*Work instructions*:
The lines below starting at the line containing "A Hololive Gawr" and ending at the line containing "Conjunto de Xícaras" are to be repeated exactly, with both ends kept and nothing else added.

*Provided records*:
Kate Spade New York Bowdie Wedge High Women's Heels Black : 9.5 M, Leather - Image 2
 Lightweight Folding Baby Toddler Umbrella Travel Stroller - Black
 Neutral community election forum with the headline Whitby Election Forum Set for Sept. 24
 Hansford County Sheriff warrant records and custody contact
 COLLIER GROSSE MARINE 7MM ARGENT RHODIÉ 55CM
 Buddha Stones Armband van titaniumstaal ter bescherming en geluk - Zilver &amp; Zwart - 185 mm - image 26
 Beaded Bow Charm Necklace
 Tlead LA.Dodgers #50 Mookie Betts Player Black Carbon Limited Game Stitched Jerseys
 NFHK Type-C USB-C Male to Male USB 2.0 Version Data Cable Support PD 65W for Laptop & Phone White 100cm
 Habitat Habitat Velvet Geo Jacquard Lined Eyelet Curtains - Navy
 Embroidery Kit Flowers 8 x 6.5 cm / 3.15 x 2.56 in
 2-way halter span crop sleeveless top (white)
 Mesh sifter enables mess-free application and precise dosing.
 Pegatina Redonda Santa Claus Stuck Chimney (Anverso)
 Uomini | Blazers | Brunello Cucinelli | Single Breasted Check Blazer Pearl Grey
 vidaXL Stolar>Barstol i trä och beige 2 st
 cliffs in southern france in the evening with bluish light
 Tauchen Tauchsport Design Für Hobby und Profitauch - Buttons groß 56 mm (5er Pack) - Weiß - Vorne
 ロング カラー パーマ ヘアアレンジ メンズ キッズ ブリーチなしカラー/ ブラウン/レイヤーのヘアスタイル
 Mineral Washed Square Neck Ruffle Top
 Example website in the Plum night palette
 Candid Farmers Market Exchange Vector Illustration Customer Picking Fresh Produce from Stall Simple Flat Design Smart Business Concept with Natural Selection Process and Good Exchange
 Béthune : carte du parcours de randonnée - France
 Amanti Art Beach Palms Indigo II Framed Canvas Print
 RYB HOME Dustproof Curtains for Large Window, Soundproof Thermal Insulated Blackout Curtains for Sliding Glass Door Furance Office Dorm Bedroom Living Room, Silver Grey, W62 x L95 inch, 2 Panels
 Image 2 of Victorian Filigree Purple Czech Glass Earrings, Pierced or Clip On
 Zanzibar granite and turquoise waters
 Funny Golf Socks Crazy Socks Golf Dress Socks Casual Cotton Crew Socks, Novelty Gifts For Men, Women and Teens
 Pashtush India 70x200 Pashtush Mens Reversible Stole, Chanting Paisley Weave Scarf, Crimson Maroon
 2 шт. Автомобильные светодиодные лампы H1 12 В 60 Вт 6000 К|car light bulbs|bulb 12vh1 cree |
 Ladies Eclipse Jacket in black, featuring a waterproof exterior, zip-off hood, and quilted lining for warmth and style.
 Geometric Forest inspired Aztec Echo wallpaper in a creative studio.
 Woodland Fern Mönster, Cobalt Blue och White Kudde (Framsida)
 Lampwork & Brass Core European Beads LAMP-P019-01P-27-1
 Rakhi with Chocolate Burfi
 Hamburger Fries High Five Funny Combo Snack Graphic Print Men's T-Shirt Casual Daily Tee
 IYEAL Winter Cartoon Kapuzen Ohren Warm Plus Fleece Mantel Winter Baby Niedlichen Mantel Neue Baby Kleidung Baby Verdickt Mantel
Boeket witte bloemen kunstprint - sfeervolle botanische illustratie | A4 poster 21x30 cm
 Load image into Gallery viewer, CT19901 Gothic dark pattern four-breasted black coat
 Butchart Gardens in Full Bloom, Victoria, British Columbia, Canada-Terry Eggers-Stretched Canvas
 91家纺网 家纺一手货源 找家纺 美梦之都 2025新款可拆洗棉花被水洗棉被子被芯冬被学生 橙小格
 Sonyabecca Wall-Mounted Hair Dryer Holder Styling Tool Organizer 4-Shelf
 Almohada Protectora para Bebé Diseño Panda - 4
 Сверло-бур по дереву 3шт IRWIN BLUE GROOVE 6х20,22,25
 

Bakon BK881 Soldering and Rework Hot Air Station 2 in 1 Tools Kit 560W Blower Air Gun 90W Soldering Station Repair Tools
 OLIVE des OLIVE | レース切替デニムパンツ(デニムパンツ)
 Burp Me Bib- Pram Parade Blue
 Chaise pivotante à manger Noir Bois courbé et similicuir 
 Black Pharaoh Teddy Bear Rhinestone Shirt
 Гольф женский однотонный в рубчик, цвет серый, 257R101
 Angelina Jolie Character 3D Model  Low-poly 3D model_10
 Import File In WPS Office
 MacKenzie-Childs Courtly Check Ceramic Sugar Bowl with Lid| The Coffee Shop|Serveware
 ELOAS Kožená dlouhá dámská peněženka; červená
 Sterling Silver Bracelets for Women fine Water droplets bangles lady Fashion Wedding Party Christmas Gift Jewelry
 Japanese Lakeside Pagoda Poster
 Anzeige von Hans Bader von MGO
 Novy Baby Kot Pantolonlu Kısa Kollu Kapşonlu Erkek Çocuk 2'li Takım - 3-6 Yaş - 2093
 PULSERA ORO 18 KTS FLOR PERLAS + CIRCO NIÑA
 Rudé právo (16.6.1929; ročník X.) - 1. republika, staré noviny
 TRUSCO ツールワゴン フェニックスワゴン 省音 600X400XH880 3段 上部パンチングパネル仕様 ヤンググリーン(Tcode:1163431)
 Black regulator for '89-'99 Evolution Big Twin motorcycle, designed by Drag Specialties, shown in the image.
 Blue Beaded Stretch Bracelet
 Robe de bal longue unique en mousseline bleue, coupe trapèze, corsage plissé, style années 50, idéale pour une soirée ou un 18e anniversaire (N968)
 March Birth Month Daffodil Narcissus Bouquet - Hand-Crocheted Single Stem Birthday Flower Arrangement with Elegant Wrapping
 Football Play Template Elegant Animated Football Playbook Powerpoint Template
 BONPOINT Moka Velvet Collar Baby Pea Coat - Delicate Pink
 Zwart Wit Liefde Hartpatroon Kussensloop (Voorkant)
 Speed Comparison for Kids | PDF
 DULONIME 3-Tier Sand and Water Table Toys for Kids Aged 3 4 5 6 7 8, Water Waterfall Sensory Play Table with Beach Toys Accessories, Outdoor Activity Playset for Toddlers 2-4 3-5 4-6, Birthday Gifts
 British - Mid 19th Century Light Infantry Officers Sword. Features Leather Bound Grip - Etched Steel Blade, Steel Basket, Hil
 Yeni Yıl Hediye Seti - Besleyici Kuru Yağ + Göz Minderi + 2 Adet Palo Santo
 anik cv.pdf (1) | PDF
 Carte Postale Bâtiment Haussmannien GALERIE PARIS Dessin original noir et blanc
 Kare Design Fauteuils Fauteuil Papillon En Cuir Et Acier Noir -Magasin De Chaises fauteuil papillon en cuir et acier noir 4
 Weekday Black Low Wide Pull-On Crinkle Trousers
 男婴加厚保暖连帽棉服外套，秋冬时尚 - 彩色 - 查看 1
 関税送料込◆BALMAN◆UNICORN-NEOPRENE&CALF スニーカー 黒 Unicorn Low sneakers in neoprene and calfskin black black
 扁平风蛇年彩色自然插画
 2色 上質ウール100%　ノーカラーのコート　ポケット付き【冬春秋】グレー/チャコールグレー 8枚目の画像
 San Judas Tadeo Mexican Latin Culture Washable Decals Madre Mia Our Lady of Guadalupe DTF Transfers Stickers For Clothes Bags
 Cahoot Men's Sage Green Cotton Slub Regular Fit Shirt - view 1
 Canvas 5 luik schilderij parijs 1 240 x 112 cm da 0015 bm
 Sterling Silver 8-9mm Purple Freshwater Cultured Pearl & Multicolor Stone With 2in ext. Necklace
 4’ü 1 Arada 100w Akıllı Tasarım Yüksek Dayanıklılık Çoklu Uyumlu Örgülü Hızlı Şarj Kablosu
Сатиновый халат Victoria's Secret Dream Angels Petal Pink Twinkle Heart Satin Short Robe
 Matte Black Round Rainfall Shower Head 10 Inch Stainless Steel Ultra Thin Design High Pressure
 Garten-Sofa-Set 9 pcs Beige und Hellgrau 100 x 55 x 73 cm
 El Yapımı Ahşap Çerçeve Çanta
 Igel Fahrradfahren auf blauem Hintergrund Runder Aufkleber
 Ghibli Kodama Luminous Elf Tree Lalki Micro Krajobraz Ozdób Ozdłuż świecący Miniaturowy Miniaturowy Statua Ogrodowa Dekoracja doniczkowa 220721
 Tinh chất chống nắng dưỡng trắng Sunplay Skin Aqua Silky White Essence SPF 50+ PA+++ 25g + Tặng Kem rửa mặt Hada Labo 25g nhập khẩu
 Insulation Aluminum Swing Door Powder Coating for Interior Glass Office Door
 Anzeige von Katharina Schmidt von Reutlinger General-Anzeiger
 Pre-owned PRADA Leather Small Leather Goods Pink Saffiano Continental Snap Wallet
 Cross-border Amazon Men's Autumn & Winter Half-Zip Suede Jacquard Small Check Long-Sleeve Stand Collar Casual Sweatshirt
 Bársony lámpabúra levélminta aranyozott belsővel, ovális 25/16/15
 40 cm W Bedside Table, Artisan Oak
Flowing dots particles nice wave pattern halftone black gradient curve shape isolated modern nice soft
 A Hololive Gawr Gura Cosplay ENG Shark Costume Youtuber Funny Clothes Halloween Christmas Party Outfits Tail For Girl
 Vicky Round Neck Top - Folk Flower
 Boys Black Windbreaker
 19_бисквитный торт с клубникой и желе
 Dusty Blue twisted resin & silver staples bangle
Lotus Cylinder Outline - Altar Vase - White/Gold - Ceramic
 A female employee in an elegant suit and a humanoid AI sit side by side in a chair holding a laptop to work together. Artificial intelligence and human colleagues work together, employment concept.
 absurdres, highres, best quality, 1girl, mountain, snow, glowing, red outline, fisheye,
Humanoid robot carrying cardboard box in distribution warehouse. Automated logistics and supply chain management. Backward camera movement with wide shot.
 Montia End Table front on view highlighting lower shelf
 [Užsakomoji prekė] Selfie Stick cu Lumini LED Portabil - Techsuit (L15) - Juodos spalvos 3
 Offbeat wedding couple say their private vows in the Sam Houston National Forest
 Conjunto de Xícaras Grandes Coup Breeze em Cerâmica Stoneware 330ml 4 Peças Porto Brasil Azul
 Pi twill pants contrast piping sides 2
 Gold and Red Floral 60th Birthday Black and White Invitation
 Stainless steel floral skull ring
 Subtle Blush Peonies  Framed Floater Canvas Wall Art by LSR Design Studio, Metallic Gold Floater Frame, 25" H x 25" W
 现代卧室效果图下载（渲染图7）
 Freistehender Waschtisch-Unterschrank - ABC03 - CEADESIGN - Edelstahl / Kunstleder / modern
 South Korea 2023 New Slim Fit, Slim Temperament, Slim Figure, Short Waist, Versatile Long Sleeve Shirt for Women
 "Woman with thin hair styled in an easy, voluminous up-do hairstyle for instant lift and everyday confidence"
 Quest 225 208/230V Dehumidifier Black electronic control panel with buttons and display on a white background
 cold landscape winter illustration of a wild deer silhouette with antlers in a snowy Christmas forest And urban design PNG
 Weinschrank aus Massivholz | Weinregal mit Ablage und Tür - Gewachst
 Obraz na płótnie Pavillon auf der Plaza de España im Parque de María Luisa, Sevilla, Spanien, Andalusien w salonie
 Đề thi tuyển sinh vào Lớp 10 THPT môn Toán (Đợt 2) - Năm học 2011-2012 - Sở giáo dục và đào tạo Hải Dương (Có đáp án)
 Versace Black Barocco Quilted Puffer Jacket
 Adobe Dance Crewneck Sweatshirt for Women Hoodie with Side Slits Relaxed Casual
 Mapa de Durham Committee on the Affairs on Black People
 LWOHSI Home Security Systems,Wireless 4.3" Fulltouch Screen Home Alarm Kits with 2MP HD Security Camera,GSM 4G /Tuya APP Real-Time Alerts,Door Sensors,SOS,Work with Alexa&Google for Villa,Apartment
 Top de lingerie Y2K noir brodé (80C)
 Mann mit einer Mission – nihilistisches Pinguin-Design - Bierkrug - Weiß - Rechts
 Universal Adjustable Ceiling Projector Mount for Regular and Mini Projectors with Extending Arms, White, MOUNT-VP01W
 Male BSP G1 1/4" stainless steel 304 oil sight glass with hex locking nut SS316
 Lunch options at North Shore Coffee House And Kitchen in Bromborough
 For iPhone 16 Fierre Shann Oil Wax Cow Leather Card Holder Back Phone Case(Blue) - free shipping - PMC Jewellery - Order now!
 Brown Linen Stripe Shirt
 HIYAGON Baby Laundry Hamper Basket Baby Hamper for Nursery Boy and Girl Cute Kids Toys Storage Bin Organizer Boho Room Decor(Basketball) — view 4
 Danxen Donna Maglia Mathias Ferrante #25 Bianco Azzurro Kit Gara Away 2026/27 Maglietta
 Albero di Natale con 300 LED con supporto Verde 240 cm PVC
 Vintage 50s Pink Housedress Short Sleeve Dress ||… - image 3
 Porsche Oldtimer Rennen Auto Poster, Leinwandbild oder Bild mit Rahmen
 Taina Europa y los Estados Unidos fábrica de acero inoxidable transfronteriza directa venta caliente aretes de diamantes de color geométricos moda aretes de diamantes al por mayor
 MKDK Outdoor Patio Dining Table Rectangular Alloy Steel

*Answer below*:
 A Hololive Gawr Gura Cosplay ENG Shark Costume Youtuber Funny Clothes Halloween Christmas Party Outfits Tail For Girl
 Vicky Round Neck Top - Folk Flower
 Boys Black Windbreaker
 19_бисквитный торт с клубникой и желе
 Dusty Blue twisted resin & silver staples bangle
Lotus Cylinder Outline - Altar Vase - White/Gold - Ceramic
 A female employee in an elegant suit and a humanoid AI sit side by side in a chair holding a laptop to work together. Artificial intelligence and human colleagues work together, employment concept.
 absurdres, highres, best quality, 1girl, mountain, snow, glowing, red outline, fisheye,
Humanoid robot carrying cardboard box in distribution warehouse. Automated logistics and supply chain management. Backward camera movement with wide shot.
 Montia End Table front on view highlighting lower shelf
 [Užsakomoji prekė] Selfie Stick cu Lumini LED Portabil - Techsuit (L15) - Juodos spalvos 3
 Offbeat wedding couple say their private vows in the Sam Houston National Forest
 Conjunto de Xícaras Grandes Coup Breeze em Cerâmica Stoneware 330ml 4 Peças Porto Brasil Azul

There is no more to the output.